Friday, May 26, 2006

He ain't heavy, he's ......

......my brother was holding my chin together - I had just flipped myself over the handlebars of the bike, managing to land chin first, before using the rest of my body to shed whatever forward velocity I had.

And so my chin bore the brunt of the impact, and ripped a macabre second "mouth". I don't remember much of the accident, just the moment of impact, and then me hitting the ground. My first reaction was to hope that no one noticed me falling off (almost everyone did, since I was near the front of the group of riders) and to pick up the bike and keep riding.

Then someone saw the stream of blood dripping off my chin, and stopped me......

As the younger brother I've always picked up on my brother's activities - building plastic models, mountain biking, and basketball. Its something to look up to, and aim for. What better than to out-do your big brother, right?
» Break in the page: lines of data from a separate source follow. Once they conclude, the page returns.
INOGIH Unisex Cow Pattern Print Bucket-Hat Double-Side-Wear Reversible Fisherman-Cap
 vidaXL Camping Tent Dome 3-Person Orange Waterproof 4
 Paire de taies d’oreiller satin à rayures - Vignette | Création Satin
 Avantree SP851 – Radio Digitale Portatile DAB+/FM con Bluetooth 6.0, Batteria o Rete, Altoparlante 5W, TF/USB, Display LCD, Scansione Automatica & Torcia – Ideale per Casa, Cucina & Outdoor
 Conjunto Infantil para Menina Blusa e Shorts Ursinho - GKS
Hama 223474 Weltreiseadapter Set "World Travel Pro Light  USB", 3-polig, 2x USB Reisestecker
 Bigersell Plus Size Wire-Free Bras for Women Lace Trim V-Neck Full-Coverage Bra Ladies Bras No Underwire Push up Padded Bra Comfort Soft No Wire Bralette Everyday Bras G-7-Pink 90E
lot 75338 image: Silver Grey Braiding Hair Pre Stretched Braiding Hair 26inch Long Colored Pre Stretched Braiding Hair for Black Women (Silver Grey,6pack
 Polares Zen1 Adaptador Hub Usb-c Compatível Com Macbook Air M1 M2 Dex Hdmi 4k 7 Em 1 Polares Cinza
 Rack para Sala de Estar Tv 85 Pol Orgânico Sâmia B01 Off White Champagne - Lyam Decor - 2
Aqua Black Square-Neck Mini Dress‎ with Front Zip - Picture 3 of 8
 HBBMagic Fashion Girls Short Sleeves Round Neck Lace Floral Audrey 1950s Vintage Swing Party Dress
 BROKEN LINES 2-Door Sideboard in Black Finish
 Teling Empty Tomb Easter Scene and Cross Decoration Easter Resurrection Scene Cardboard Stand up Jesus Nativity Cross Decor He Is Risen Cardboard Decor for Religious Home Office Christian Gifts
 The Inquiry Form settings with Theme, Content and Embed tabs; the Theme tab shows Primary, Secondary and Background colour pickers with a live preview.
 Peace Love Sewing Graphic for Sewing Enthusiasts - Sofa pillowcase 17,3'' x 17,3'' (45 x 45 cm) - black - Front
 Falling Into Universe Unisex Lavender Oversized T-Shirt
And its always been a struggle to be gain credibility in his eyes, I wonder why, it really wasn't necessary, yet perhaps that's why I got into those activities: to outdo my brother.

But he's always excelled in hand-eye coordination stuff, whereas I'm better with technical stuff. So perhaps it became a role reversal, when I took up photography, and he followed not long after. By this time, we're probably a bit too old for competition, yet I did feel a certain pride that he'd ask me for help in stuff photography related.

And more so, when he came over to Brisbane last year, played some casual basketball with me, and commented that I'm playing a lot better than in the past.

We've been brothers for 20-some years, and we're old enough now that 3 years age differnce is hardly a poofteenth of difference anymore. We're old farts, sure, we can still play on any given day like we were 18, just don't expect us to jump out of bed the next morning ready to go another 3 hours of basketball.

He'd hit a rough patch recently, and I've had to try to bring him out of it. I'm still trying. After all, he was there holding my chin together, while I was half conscious, lying somewhere in the middle of nowhere, my blood on his hands. He even paid for the 5 stitches the doctor had to put on my chin in order to close the wound up.

We have quarreled and fought in the past, and we still do have arguments. But at the end of the day, he ain't heavy, he's my brother.